» Data excerpt:

--

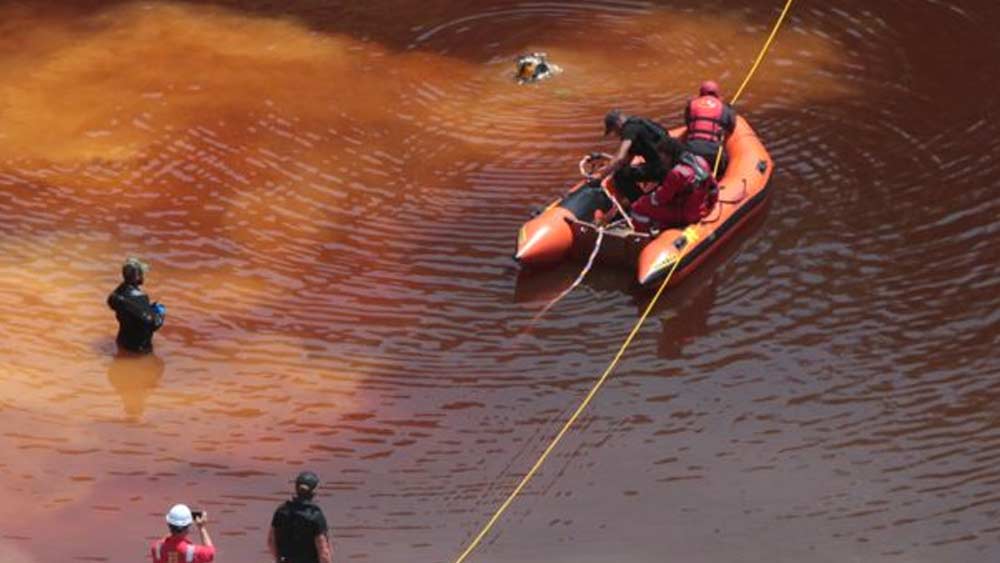 প্রথম দিকে ওই মহিলাদের খুনের কিনারা করতে পারেনি পুলিশ। গত বছর ১৪ এপ্রিল মেরি রোজ টিবারসিও (৩৮) নামের ফিলিপিন্সের এক মহিলার দেহ একটি তামার খনির কাছের জলাশয়ে ভেসে ওঠে। তার কিছু দিন পরেই আরিয়ান পালানাস লোজানো (২৮) নামের অপর এক মহিলার দেহ পাওয়া যায় ওই জলাশয় থেকেই। প্রবল বৃষ্টির জেরেই ভেসে উঠেছিল ওই দুই দেহ।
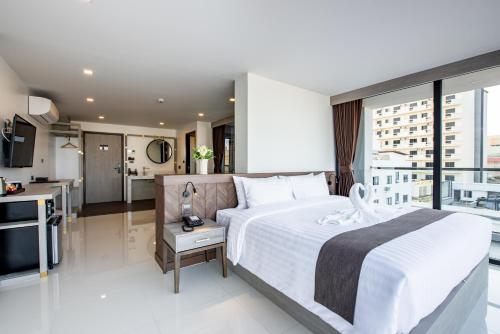 芭堤雅市中心Blackwoods Hotel Pattaya - SHA Extra Plus的相册照片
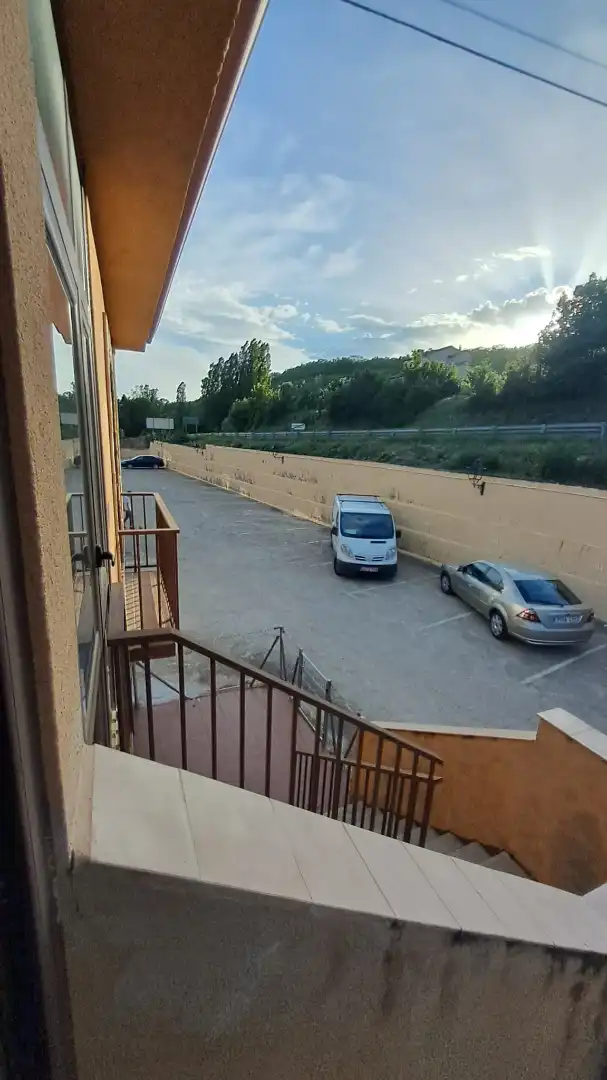 Parking de Apartamento en venta en San Juan de Gredos con Calefacción, Terraza y Amueblado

--

» Aim of the exercise: Please print the material exactly as given above, omitting the pictures.

» Worked solution:
 প্রথম দিকে ওই মহিলাদের খুনের কিনারা করতে পারেনি পুলিশ। গত বছর ১৪ এপ্রিল মেরি রোজ টিবারসিও (৩৮) নামের ফিলিপিন্সের এক মহিলার দেহ একটি তামার খনির কাছের জলাশয়ে ভেসে ওঠে। তার কিছু দিন পরেই আরিয়ান পালানাস লোজানো (২৮) নামের অপর এক মহিলার দেহ পাওয়া যায় ওই জলাশয় থেকেই। প্রবল বৃষ্টির জেরেই ভেসে উঠেছিল ওই দুই দেহ।
 芭堤雅市中心Blackwoods Hotel Pattaya - SHA Extra Plus的相册照片
 Parking de Apartamento en venta en San Juan de Gredos con Calefacción, Terraza y Amueblado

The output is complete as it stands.